The primary reason such technology has taken so long to make its way into the U.S. is far more simple: Chip-embedded cards are more expensive to produce. Each merchant would have to purchase new equipment to hand them.

What the Future Holds …

The good news for consumers is that the U.S. is indeed moving to embrace smart credit cards. The Official Merchant Services Blog reported almost two years ago that the United States was moving slowly but surely toward adopting chip cards. Visa took the lead in the U.S. push, reporting that as of December 31, 2011, the credit giant had issued more than 1 million credit cards that use “chip” technology to store consumer payment information.
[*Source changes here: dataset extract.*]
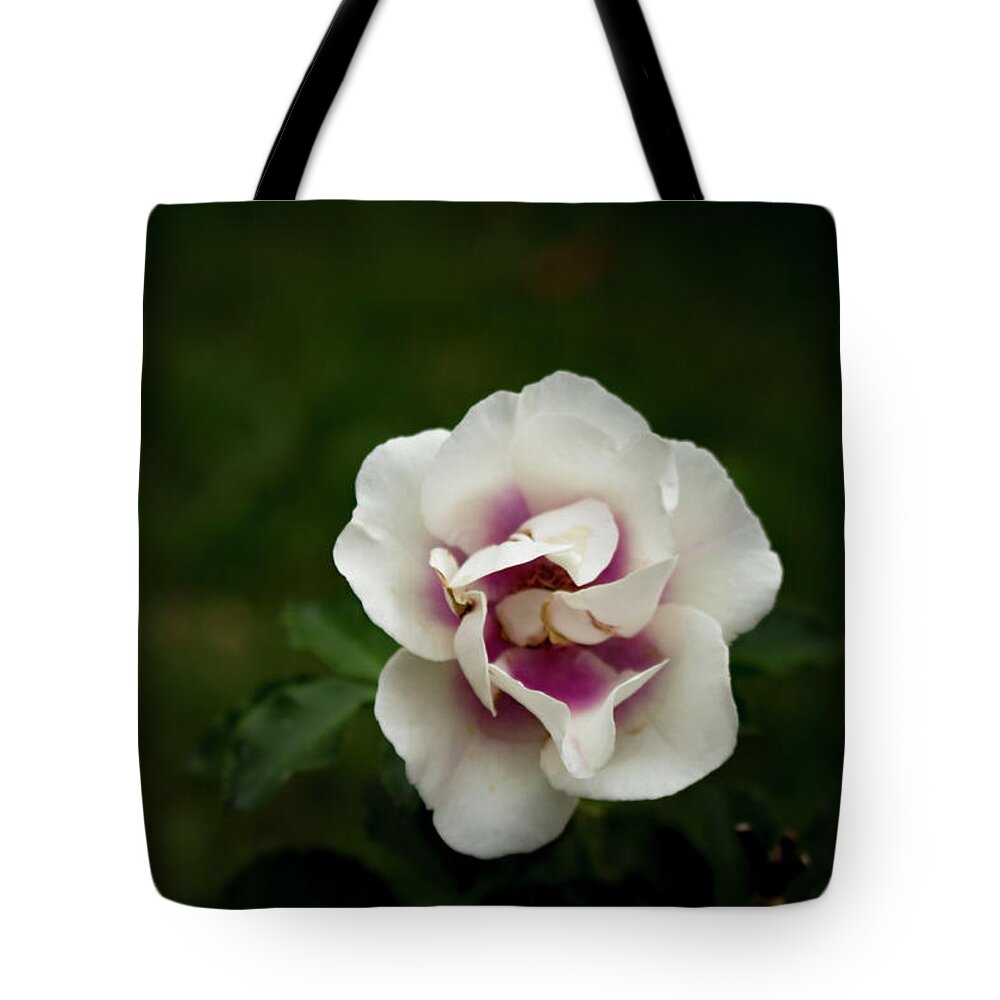 Close-up Tote Bag featuring the photograph Bull's Eye Rose by K Bradley Washburn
Visa made an announcement in August 2011 hat it planned to start issuing more EMV — Europay, Mastercard, Visa — smart cards to push the industry toward better security and an easier transition to mobile payments.

In the last couple of years major card issuers have laid out road maps for upgrading the card technology, and many have set out to achieve this by October 2015.

TransFirst, Host Merchant Services’ acquirer and one of the premier providers of transaction processing services and payment processing technologies in the U.S., issued a mandate in response to the EMV push. TransFirst said that Visa will require U.S. acquirer processors and sub-processor service providers to be able to support merchant acceptance of chip transactions no later than April 1, 2013. Visa also intends to institute a U.S. liability shift for domestic and cross-border counterfeit card-present point-of-sale transactions effective October 1, 2015, and for fuel-selling merchants by October 1, 2017.

Ocotber 2015 was chosen because at that point major credit card companies will change their rules about who is liable for fraudulent purchases caused by security breaches. Under the new rules, the entity in the payment chain — merchant, credit card, banks — deemed to have the weakest security will be liable. Credit card companies can’t make anyone adopt the technology, but they’re giving them a hard nudge.

The Bottom Line

While the Target Data Breach once again brings up the topic of credit card security, it seems like the U.S. is still poking along with its slow adoption of EMV chip cards. Hackers will still continue to target the low hanging fruit that the largely magnetic stripe based U.S. credit card industry still works with. But EMV chips and increased digital security of cardholder information is coming. October 2015 looms closer and closer.